[Provided data — start]

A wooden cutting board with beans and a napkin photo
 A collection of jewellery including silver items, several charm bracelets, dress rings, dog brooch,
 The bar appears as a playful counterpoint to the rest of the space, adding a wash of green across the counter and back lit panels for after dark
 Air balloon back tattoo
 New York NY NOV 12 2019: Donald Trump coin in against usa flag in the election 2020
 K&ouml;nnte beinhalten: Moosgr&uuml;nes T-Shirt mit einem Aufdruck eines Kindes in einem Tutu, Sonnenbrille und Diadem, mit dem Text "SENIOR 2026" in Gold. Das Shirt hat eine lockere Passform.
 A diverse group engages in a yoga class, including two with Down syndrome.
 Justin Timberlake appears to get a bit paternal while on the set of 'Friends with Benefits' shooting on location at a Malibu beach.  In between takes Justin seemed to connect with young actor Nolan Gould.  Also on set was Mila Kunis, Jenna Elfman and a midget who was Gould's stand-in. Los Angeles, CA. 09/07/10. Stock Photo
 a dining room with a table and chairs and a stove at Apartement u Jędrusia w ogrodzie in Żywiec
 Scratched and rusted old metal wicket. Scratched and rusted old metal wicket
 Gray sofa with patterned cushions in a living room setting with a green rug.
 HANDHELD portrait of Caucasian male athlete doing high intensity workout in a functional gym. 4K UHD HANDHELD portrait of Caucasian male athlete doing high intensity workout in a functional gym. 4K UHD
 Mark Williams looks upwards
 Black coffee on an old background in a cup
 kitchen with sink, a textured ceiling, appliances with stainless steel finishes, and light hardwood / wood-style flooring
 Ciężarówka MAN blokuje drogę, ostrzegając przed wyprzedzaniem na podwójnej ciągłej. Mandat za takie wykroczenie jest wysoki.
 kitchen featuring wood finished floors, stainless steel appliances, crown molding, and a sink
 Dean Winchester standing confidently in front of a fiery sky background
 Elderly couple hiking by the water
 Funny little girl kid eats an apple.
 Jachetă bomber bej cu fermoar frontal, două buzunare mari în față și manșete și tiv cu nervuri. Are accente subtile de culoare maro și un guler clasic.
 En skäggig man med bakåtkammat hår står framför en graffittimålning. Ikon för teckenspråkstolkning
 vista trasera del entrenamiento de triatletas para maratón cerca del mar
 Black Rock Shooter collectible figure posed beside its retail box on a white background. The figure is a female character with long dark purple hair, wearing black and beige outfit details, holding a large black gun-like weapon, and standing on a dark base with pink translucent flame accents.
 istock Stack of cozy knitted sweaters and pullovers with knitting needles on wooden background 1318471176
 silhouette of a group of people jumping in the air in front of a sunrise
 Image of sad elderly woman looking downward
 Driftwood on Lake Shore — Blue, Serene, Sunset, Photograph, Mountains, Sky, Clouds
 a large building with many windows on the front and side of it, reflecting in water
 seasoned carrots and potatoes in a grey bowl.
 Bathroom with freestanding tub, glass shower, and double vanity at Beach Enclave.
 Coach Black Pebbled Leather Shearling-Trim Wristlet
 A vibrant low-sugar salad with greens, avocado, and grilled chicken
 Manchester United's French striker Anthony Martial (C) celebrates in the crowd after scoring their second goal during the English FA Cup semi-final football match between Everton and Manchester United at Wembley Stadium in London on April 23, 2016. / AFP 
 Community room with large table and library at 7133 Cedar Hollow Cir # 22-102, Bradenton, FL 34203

[Provided data — finish]

*What you have to do*: Your answer should reproduce each line of the listing that holds the word "including".

*Written response*:
 A collection of jewellery including silver items, several charm bracelets, dress rings, dog brooch,
 A diverse group engages in a yoga class, including two with Down syndrome.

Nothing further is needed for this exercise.